DEAR DRIFTING: Why are ending the friendship and “suck it up and go” the only choices on my menu? What happened to telling her the truth?
Each of her complaint sessions is an opportunity for you to say: “You know, I’ve listened to you complain about how tough your life is — for years, really — but from the outside, you appear to have everything you wanted. If that’s not enough, then is it time to look inward to figure out what’s missing?”
Win-win, right? She’ll either take it to heart or never call you again.
I suppose she could spin your candor into something she wants to hear and then resume complaining, but then you can say: “OK, let’s try this: Tell me something positive about your life. We’ll talk about that.”

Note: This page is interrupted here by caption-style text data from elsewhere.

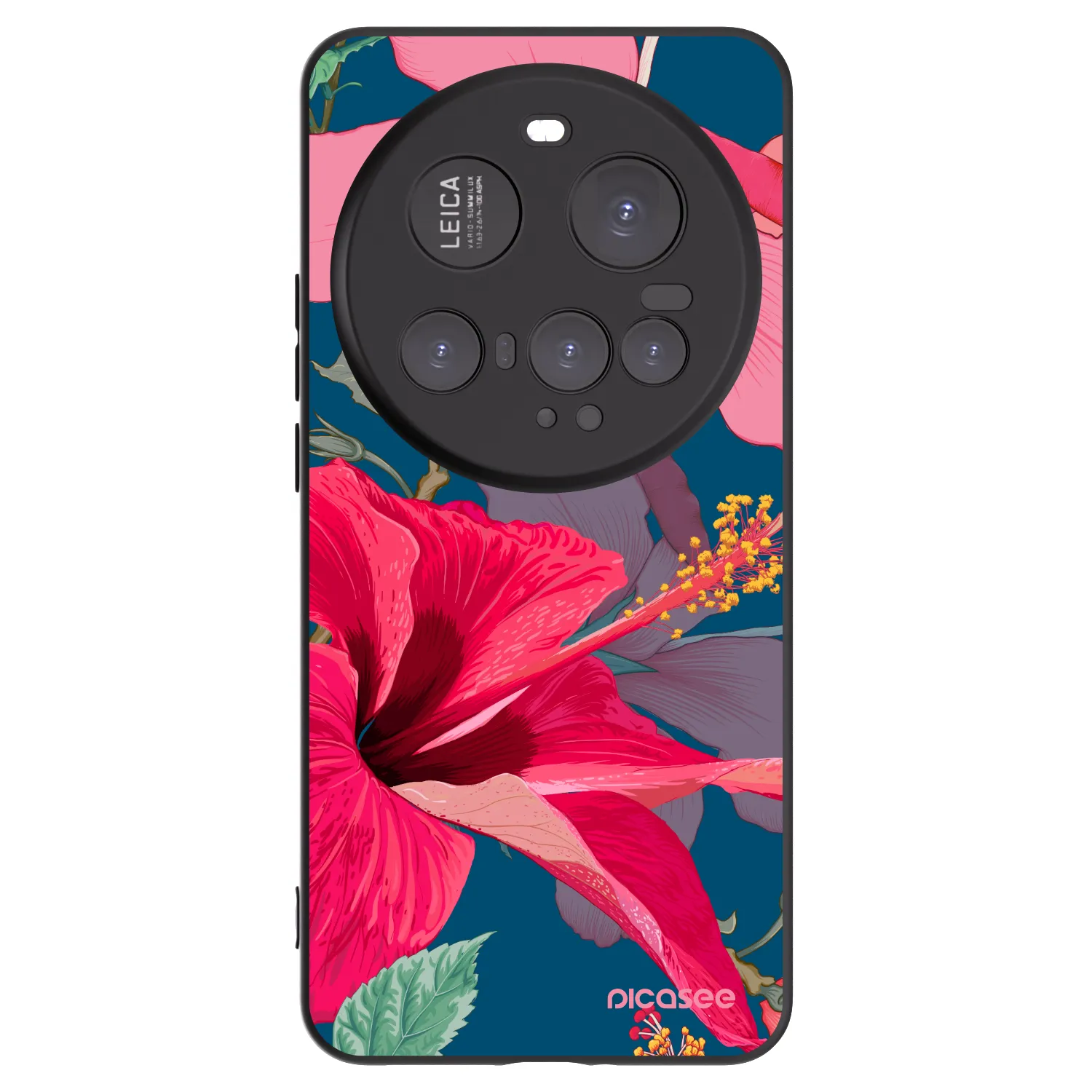 Picasee Μαύρη θήκη σιλικόνης για Xiaomi 15 Ultra - Hibiscus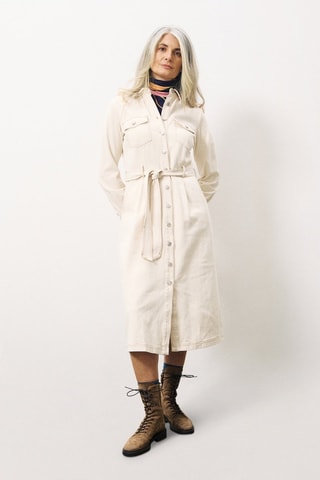 Robe chemise en jean Clotilda - Ecru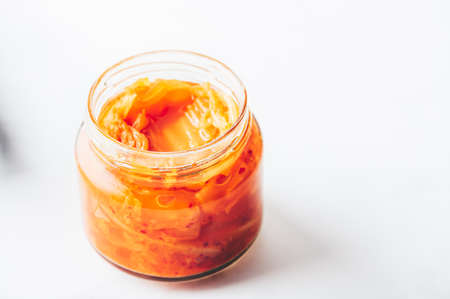 Jar of Korean Kimchi, fermented cabbageの写真素材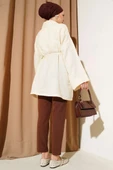 Müslin Belden Bağlamalı Kimono Krem thumbnail 3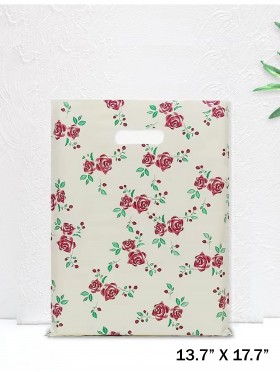 Red Rose Print Gift Bags (50 Pcs)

If even that doesn’t work, two words: theater tickets. You don’t talk, then talk about the show. By then, the “dramatic breakup” option might not sound so bad.
I just put my foot in my mouth, and I’m hoping you can help me rectify things. One of my (fairly distant) co-workers has been out all week. He came in today and I said hi and asked if he’d been on vacation. (I know I shouldn’t have done that. It just came to my mind.)
Unfortunately, he’d had a death in the family. I extended my condolences, of course, but I know I put him in a tough position of having to talk about something he likely wouldn’t have brought up organically. Is there anything I can do or say now to apologize, or would it be better to let it drop?
DEAR CO-WORKER: Yes to letting it drop; your condolences were enough. Bringing it up again would “put him in a tough position of having to talk about something he likely wouldn’t have brought up organically” and serve only to repeat the error.
The error, by the way, was one of friendly intent, so don’t beat yourself up too much.